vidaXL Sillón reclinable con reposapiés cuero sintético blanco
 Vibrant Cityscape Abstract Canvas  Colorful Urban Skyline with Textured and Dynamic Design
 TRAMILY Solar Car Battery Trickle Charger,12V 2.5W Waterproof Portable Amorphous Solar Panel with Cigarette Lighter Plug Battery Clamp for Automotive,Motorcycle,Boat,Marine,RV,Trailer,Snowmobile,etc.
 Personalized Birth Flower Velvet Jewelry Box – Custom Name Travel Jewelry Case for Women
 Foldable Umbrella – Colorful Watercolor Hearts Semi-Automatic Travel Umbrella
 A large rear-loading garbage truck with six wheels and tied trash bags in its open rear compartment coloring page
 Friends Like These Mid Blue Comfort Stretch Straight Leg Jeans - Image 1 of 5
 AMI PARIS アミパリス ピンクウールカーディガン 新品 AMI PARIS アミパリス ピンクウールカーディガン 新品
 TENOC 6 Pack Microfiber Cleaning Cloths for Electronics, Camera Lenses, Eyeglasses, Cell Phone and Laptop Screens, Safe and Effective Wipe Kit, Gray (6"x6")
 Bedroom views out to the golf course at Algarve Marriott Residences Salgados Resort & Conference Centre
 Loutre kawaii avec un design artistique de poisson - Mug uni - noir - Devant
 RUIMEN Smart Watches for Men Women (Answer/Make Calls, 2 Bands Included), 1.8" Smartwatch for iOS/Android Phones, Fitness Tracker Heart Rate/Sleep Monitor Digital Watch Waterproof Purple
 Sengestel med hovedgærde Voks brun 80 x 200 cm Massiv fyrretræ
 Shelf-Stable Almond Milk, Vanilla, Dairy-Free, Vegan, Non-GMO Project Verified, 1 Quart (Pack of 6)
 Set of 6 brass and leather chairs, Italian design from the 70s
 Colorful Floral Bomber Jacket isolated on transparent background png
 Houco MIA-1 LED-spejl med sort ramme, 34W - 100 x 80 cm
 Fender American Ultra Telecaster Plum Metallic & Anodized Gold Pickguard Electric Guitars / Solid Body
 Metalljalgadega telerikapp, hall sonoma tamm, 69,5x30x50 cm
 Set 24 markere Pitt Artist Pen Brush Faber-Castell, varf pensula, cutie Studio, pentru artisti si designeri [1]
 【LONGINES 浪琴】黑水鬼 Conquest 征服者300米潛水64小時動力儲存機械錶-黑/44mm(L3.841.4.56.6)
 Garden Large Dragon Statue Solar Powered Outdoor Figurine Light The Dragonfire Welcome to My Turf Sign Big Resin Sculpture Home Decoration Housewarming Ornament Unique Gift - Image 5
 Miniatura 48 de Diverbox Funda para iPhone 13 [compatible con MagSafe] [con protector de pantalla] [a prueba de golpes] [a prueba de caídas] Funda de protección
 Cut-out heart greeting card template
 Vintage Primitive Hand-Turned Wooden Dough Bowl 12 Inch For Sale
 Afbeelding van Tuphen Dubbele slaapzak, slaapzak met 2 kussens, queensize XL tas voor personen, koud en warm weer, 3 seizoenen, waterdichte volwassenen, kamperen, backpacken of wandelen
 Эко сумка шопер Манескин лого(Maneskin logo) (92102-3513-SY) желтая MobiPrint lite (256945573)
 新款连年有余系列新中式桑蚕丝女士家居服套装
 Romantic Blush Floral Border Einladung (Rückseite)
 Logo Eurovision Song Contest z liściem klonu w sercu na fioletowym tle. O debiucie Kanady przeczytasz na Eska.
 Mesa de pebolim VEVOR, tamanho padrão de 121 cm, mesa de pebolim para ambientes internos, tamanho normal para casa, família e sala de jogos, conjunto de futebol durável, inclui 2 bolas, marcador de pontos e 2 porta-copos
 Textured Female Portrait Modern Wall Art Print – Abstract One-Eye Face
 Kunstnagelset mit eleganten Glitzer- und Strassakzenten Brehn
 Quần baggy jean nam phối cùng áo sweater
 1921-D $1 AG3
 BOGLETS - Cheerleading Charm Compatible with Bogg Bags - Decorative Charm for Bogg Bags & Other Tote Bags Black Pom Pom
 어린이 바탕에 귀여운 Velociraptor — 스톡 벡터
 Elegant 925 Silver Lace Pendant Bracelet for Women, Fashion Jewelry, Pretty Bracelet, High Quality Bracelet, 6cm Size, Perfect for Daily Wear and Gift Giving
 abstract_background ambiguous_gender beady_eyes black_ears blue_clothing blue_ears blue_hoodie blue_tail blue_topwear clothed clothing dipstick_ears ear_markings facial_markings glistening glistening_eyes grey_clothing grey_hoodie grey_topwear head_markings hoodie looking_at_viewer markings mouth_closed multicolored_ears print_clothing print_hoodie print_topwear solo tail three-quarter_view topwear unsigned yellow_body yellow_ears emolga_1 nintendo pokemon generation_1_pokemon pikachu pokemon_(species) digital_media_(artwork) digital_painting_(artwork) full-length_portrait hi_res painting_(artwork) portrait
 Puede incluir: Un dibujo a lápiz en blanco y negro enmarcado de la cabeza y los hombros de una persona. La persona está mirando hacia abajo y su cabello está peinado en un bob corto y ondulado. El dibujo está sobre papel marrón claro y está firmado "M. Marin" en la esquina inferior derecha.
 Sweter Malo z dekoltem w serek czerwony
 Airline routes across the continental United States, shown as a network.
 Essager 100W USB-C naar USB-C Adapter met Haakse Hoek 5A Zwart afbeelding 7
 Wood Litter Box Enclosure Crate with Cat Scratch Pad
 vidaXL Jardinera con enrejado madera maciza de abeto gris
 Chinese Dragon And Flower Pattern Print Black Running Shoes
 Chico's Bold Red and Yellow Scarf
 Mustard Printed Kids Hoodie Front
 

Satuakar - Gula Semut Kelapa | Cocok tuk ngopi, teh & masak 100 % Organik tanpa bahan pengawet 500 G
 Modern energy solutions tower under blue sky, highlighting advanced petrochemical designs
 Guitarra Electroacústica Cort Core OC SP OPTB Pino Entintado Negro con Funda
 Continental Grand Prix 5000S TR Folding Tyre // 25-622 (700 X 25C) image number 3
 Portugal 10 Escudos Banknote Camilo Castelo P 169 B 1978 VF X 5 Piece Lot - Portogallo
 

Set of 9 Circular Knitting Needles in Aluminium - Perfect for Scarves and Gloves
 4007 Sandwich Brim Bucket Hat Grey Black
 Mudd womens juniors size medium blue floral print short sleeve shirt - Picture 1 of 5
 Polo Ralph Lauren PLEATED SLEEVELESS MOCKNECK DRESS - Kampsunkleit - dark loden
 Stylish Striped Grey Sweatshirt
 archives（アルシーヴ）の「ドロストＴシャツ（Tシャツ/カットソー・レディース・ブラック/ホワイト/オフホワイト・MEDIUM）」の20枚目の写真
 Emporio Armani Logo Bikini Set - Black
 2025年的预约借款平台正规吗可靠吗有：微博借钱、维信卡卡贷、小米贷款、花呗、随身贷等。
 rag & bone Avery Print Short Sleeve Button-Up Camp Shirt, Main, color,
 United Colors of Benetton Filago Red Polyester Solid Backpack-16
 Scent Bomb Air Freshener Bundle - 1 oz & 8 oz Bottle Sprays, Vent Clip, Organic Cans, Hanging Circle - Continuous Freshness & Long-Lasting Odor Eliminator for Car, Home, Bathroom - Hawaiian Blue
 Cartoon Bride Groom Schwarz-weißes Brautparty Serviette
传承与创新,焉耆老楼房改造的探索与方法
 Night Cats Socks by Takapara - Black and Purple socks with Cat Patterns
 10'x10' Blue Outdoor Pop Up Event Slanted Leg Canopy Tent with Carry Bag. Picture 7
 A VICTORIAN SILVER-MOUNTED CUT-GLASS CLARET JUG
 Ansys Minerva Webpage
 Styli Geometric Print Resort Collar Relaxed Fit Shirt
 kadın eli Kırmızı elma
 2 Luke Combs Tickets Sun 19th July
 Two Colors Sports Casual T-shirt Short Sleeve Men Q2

══════

• EXERCISE DIRECTIONS: Which of the lines in the listing above include "Colorful"? Report each of them.

• TASK ANSWER:
 Vibrant Cityscape Abstract Canvas  Colorful Urban Skyline with Textured and Dynamic Design
 Foldable Umbrella – Colorful Watercolor Hearts Semi-Automatic Travel Umbrella
 Colorful Floral Bomber Jacket isolated on transparent background png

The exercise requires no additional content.